- European cover art
- Developer: Digital Image Design
- Publisher: Ocean Software
- Directors: Don Whiteford Russell Payne
- Producers: Don Whiteford Martin Kenwright
- Designers: Martin Kenwright Shaun Hollywood
- Programmers: Steve Monks Colin Bell
- Artists: Ian Boardman Shaun Hollywood
- Platforms: DOS, Windows
- Release: 1995 (DOS) 1996 (Windows)
- Genre: Combat flight simulator
- Modes: Single-player, multiplayer

= EF2000 (video game) =

1995 video game

EF2000 is a combat flight simulator video game developed by Digital Image Design (DID) and published by Ocean Software in 1995 for the PC DOS. It is the sequel to DID's earlier software title, TFX. An expansion pack, EF 2000: TACTCOM, was released in 1996. A compilation, EF 2000: Evolution, that included the main game and the expansion was released in 1996. An updated version, Super EF2000, was released exclusively for Windows 95 in 1996 in Europe. In 1997, a compilation titled EF2000 V2.0 was released in North America that included the original DOS versions of EF2000 and TACTCOM and also the Windows exclusive Super EF2000. In June 1997, the graphics were boosted when DID released the "Graphics+" patch, which added Rendition Vérité hardware support and Glide API for 3dfx graphics card support to EF2000.

==Gameplay==
EF2000 is a combat flight simulator of the Eurofighter Typhoon (EF2000) aircraft, featuring detailed terrain of the Baltic region. It supports virtual reality goggles. Graphics features included naturally irregular topography, clouds and darkening skies at high altitudes.

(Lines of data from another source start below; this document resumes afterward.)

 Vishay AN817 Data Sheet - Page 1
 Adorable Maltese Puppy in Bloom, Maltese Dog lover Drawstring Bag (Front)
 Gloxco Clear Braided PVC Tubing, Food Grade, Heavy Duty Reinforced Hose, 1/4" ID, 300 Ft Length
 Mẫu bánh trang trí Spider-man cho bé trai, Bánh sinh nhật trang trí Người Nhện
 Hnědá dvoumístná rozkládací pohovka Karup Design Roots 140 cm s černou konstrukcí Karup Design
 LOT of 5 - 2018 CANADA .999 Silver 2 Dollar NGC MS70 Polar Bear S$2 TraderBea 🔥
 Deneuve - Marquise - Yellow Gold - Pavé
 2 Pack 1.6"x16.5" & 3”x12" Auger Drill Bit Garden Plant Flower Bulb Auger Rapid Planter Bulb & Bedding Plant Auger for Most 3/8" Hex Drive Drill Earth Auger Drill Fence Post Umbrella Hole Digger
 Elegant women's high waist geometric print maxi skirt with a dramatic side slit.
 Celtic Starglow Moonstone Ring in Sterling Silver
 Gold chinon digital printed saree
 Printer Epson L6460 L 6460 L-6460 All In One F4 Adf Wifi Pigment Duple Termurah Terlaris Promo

Gameplay consists of quick combat, simulator (free flight mode), training, multiplayer and campaign mode. The game featured a dynamic campaign simulating a campaign set in northern Europe. Missions require the player to evade ground-based and airborne defenses. Mid-air refueling is included.

MFDs allow player to attack both flying and grounded targets with a range of weapons, including precision-guided munitions, missiles and unguided bombs. Spot view allows for remote viewing of targets, enemies, friendly forces or the player's own EF2000. With padlock, the computer could lock onto a target and follow it around the cockpit even when the target maneuvers from in front of the player's aircraft.

==Reception==

On release, a Next Generation critic called the game "one of the best flight sims on the market", applauding the realistically texture-mapped graphics, easy-to-learn interface, intelligently responsive AI, and multiplayer networking. Computer Game Review summarized it as "a good flight simulation overall".

EF2000 won Computer Gaming Worlds 1995 "Simulation of the Year" award. The editors praised it for combining "a high level of realism with fun", and noted its "ground-breaking terrain and aircraft graphics". In 1996, Computer Gaming World also ranked it as the 42nd best video game of all time for making combat simulation graphics, sound, and realism take "a flying leap forward." That same year, Next Generation ranked it as the 42nd top game of all time for being "simply the most immersive combat flight sim on the market." PC Gamer nominated EF2000 as the best simulation of 1995, although it lost to Apache. It was also the second-place finalist for Computer Game Reviews 1995 "Simulation of the Year" award, which went to MechWarrior II.

Next Generation reviewed EF2000 V2.0, rating it four stars out of five, and stated that "All in all, EF2000 v2.0 is a solid update to an already good title. The only real drawback to the game is the fact that you really do need a 3D card to play the game the way it should be played. Aside from that, EF2000 v2.0 is an excellent choice for anyone interested in a little aerial combat."

In 1996, Computer Gaming World declared EF2000 the 60th-best computer game of all time. It was named the eighth-best computer game ever by PC Gamer UK in 1997. The editors called it "the best flight of all time". In 1998, PC Gamer declared EF2000 V2.0 the 31st-best computer game ever released, and the editors called it "a believable simulation of a very sexy next-century fighter".

Review scores
| Publication | Score |
|---|---|
| Next Generation | 4/5 |
| PC Gamer (US) | 88%^{[citation needed]} |
| Computer Game Review | 86/81/87 |
| PC Games | B |

==Legacy==
DID Simulations followed up with games based on the F-22 - first with F-22: Air Dominance Fighter and F-22 Total Air War.

The EF2000 series came to an end in 2001 when Rage Games Limited released Eurofighter Typhoon. It was developed from the makers of EF2000 and has the Digital Image Design label on the box.